Task statement:
Taking the listing below, restate word for word each line from the line with "Hohenzollern Kalesi yakınındaki" to the line with "Kitcheniva 30 Pcs", ends included, and stop there.

[Records supplied]

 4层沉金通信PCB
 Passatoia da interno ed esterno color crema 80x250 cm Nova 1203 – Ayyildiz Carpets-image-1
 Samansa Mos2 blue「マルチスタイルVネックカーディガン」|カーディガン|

[/Records supplied]
[Records supplied]

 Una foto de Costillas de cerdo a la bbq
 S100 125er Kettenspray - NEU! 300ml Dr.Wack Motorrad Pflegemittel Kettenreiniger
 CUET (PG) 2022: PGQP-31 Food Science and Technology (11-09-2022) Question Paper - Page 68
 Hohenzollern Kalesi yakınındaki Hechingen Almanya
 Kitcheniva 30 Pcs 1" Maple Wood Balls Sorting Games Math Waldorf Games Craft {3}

[/Records supplied]

Exercise output:
 Hohenzollern Kalesi yakınındaki Hechingen Almanya
 Kitcheniva 30 Pcs 1" Maple Wood Balls Sorting Games Math Waldorf Games Craft {3}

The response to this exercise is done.